I’ve been a freelance journalist for 14 years, and while watches have been part of my repertoire since the beginning, I didn’t fully niche into the horological sphere until 2018. One of the assignments I consider to be a breakout story that really gave my career in the watch world momentum came a year later in 2019. At the time, I was writing for The Hour Glass, and I had the opportunity to cover the inauguration of the Gérald Genta Heritage Association. In my then seven-year journey ascending to full horological obsession, I had come to revere Genta as one of the most influential figures in the history of watchmaking, and, in particular, I was charmed by the story of how the Royal Oak came to be.

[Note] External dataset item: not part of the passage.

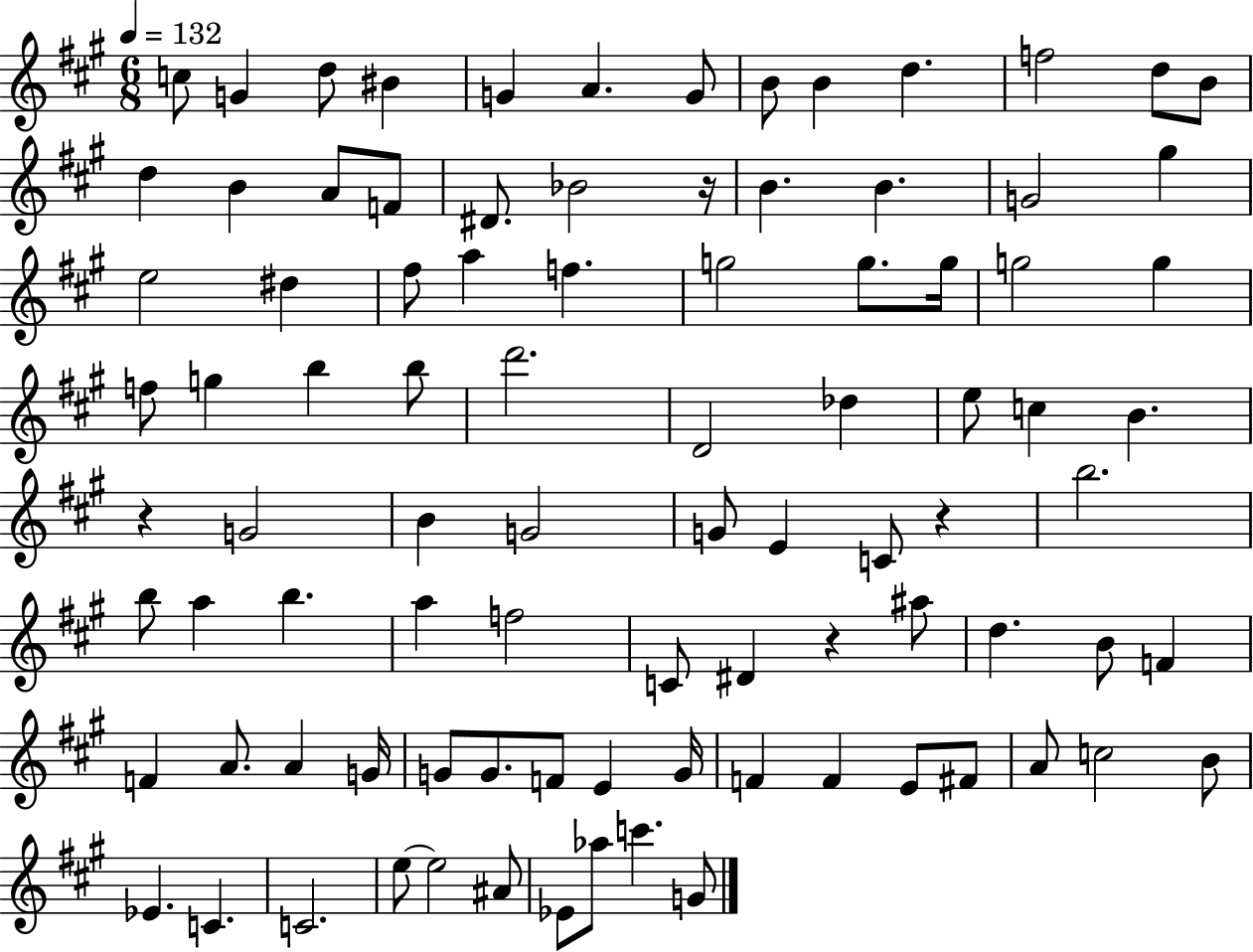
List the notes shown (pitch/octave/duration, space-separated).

Yes, I have since referenced, been told, and retold the tale dozens of times over, but for me, Genta and the creation of the Royal Oak – the moment that arguably gave his career in the watch world momentum – will never get old and forever hold a special place in my heart.
With that said, I’m here to share my hands-on experience with Audemars Piguet’s first semester novelties thanks to a recent trip to AP House in downtown New York City. Among them are several new versions of the Royal Oak, and while none of these are the frontrunner of the lineup, they still bear recognition in my humble opinion. Yes, I will have to respectfully disagree with my Editorial Director Zach Kazan’s opinion piece defining the Royal Oak as “a pure flex.” Sure, like countless luxury watches, there is a certain status associated with the Royal Oak in a way that is more commercial and therefore more widespread than say the status of the if-you-know-you-know models predominantly revered only by those deep in the trenches of watch nerdery. However, I also know there are countless others like me who have an authentic emotional connection to the Royal Oak and, more importantly, what it undeniably stands for in the context of horological history – this is the symbolism the Royal Oak holds in my eyes, not just one of status. I like to think AP has not just been “a willing participant in the watering down of their brand” by “producing more and more varieties of Royal Oak” for the fanfare but instead continues to iterate and reiterate on the model for those like me who have a heartfelt adoration rather than those who approach collecting like a bingo card.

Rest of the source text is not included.